**PROBLEM DESCRIPTION**. Below is a listing; retype exactly the line with "Flowers 4 Seeds" and every line after it through the end, and only those, leaving out the pictures.

--- --- ---

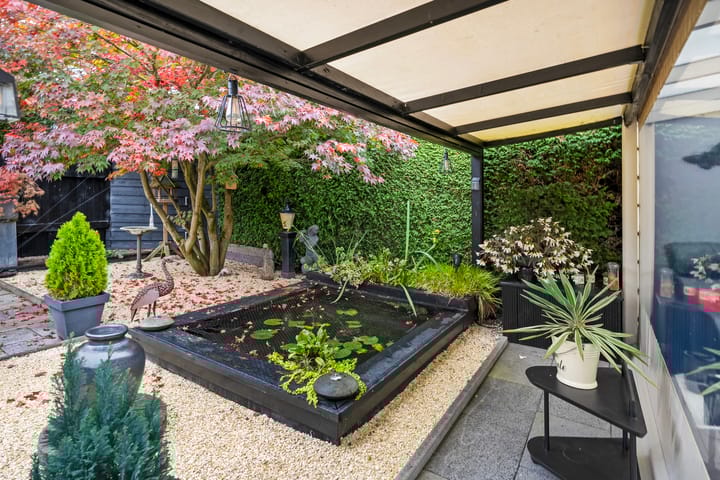 Foto 3 van De Koningsvaren 82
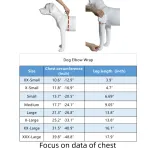 Best Dog Elbow Wrap For Sale | LOVEPLUSPET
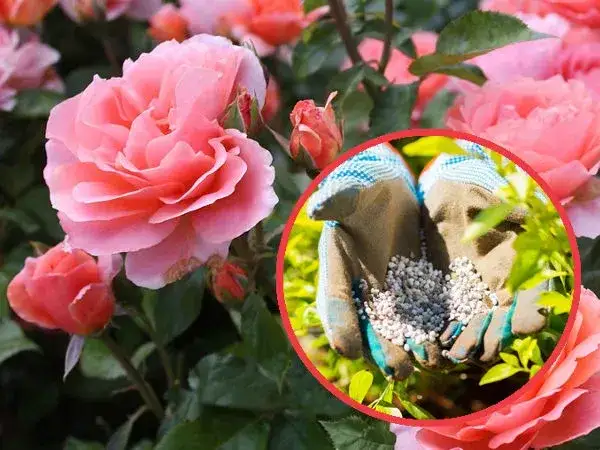 Jaki nawóz do róż pnących? Odkryj najlepsze rozwiązania dla zdrowia roślin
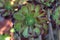 Succulent plant with green leaves having brown edge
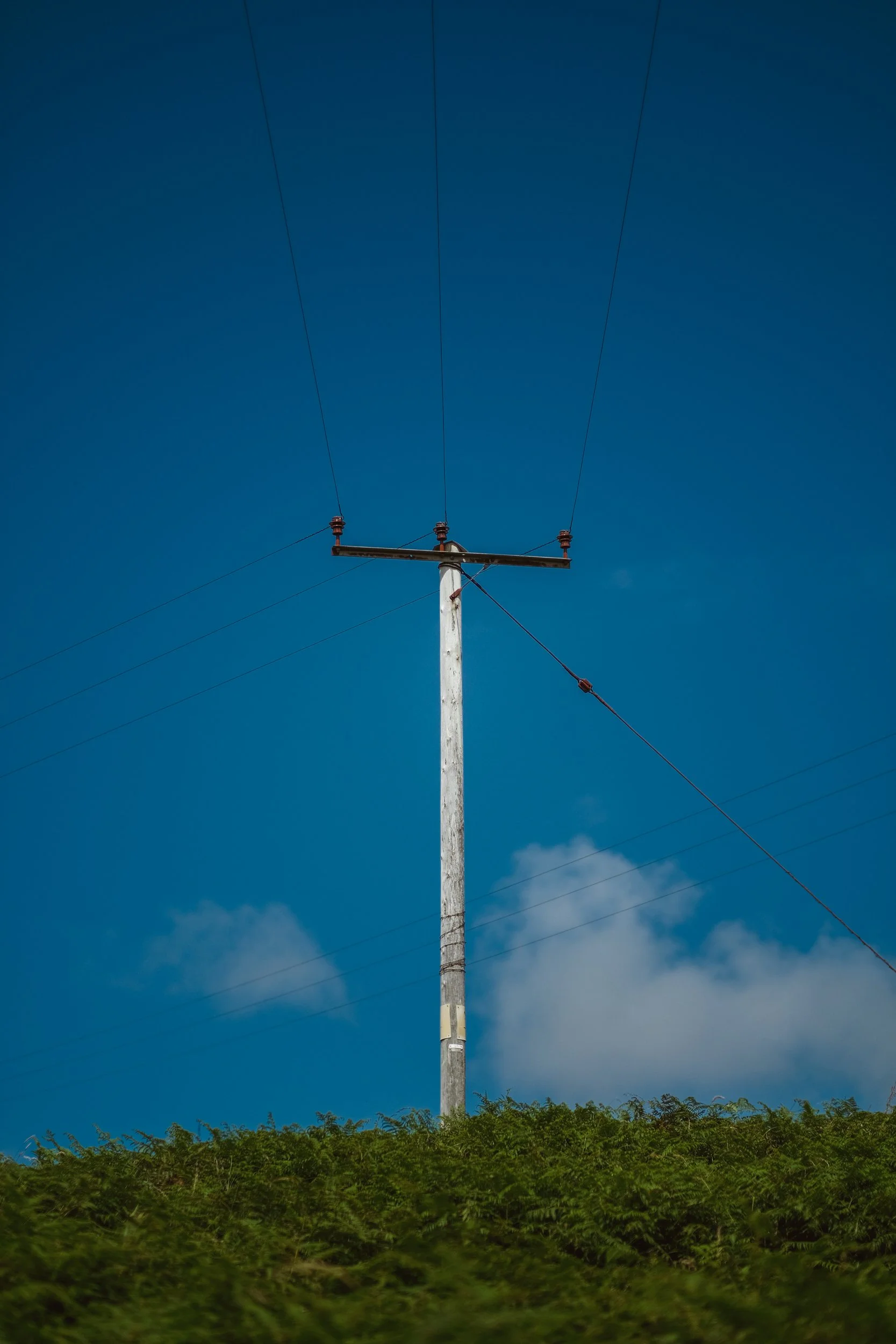 HEBT4031.jpg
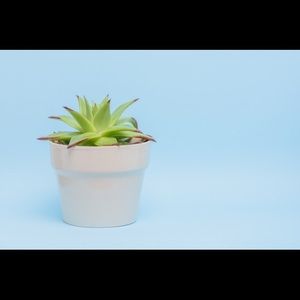 Meet your Posher, Hailey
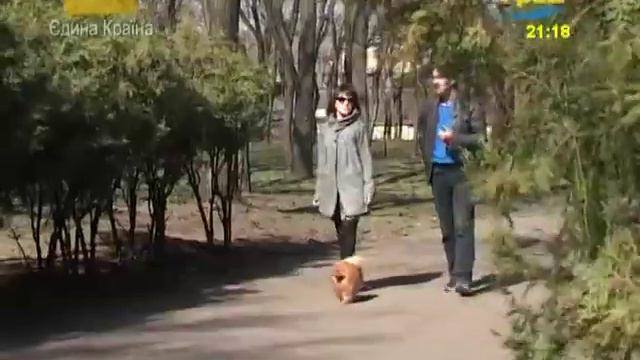 Как выбирать собаку. Советы специалиста смотреть онлайн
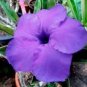 'QIYU' Adenium Light Purple Double Petals with Few White Color Flowers 4 Seeds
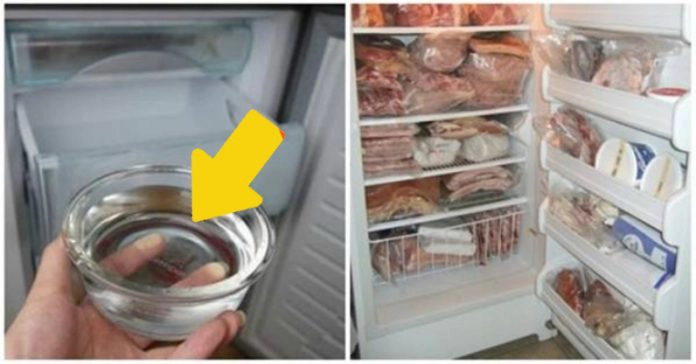 Đặt bát nước vào tủ lạnh điều kỳ diệu xảy ra khi bạn nhận hóa đơn tiền điện vào cuối tháng - 1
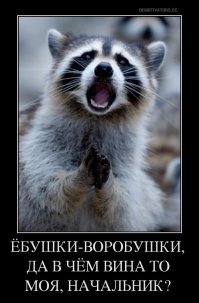 Полицейский застрелился при попытке добить енота прикладом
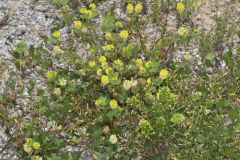Hop Trefoil, Trifolium campestre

--- --- ---

**TASK ANSWER**.
 'QIYU' Adenium Light Purple Double Petals with Few White Color Flowers 4 Seeds
 Đặt bát nước vào tủ lạnh điều kỳ diệu xảy ra khi bạn nhận hóa đơn tiền điện vào cuối tháng - 1
 Полицейский застрелился при попытке добить енота прикладом
Hop Trefoil, Trifolium campestre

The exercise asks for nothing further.